• [REQUIRED ACTION]
I'd like the entire listing output verbatim, apart from the pictures.

• [STORED DATA]

────────────────

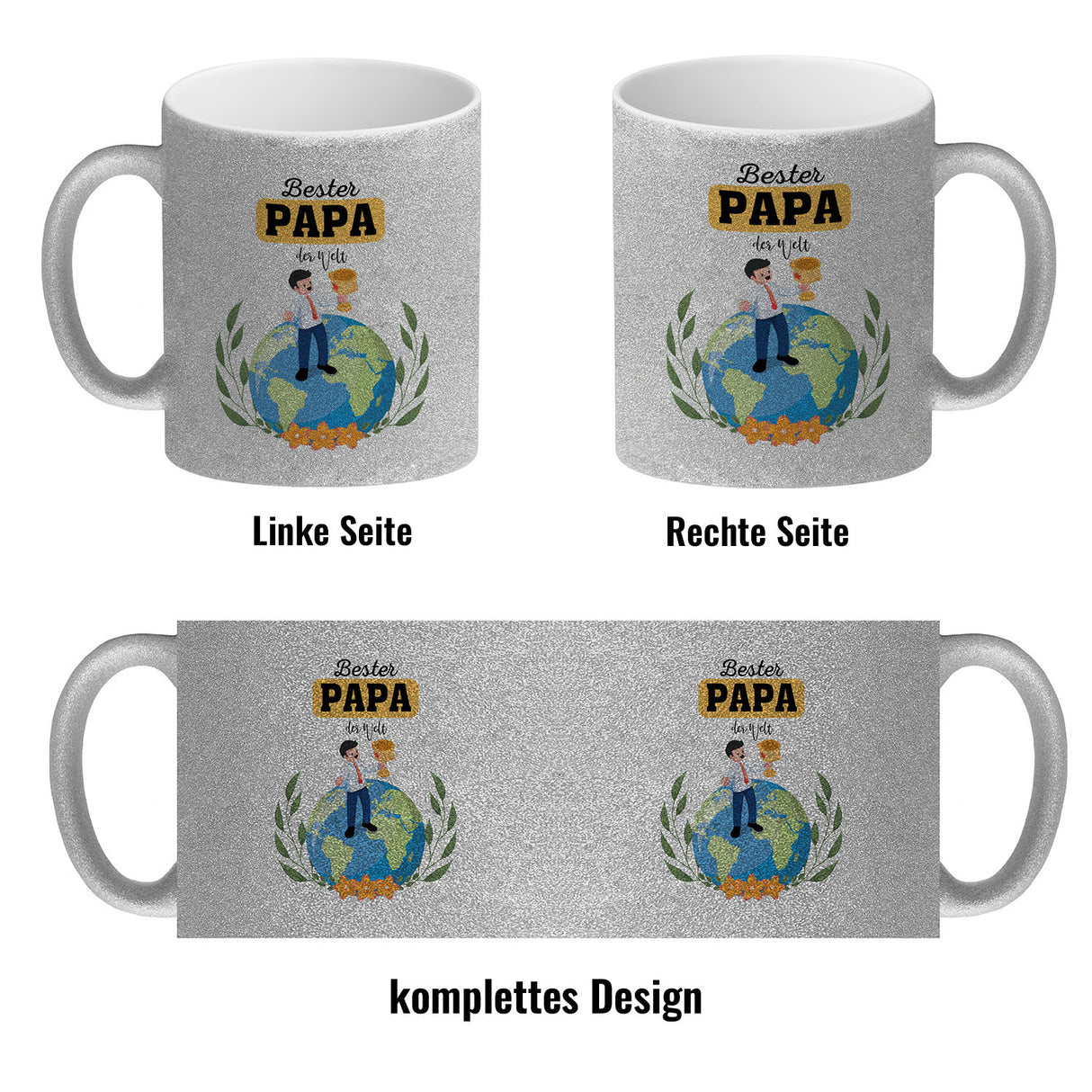 Bester Papa der Welt Kaffeebecher zum Vatertag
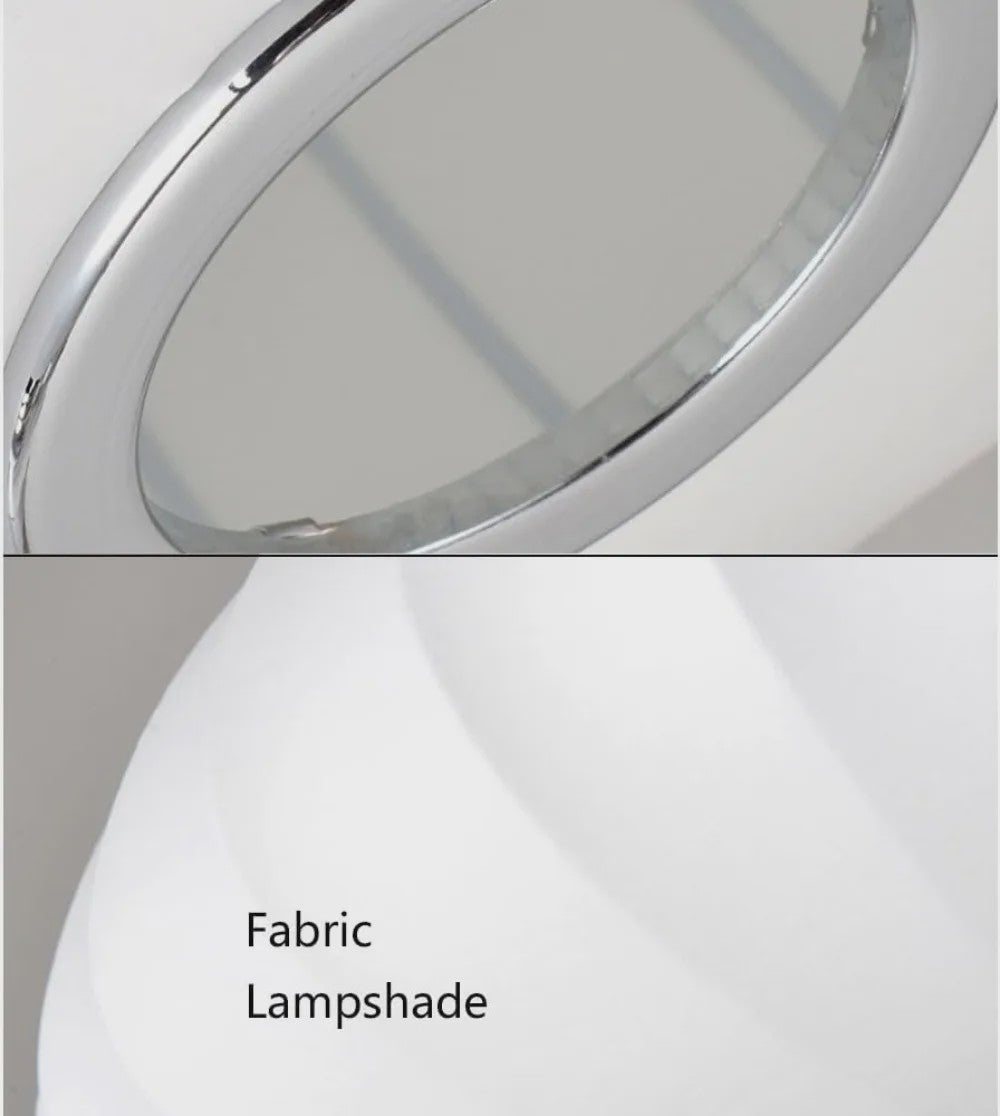 Moderne Witte Zijde Cocoon Plafondlamp - Ronde Bubble Hanglamp met E27 Fitting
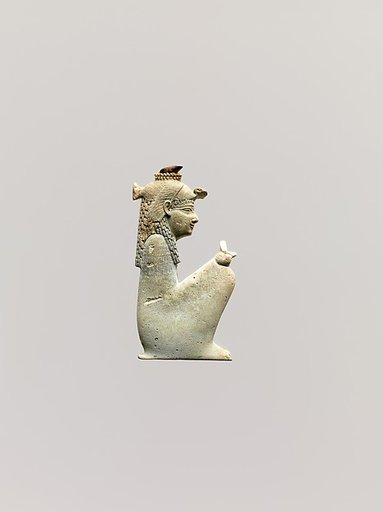 Inlay of a squatting goddess, probably Hathor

────────────────

• [ANSWER]
 Bester Papa der Welt Kaffeebecher zum Vatertag
 Moderne Witte Zijde Cocoon Plafondlamp - Ronde Bubble Hanglamp met E27 Fitting
 Inlay of a squatting goddess, probably Hathor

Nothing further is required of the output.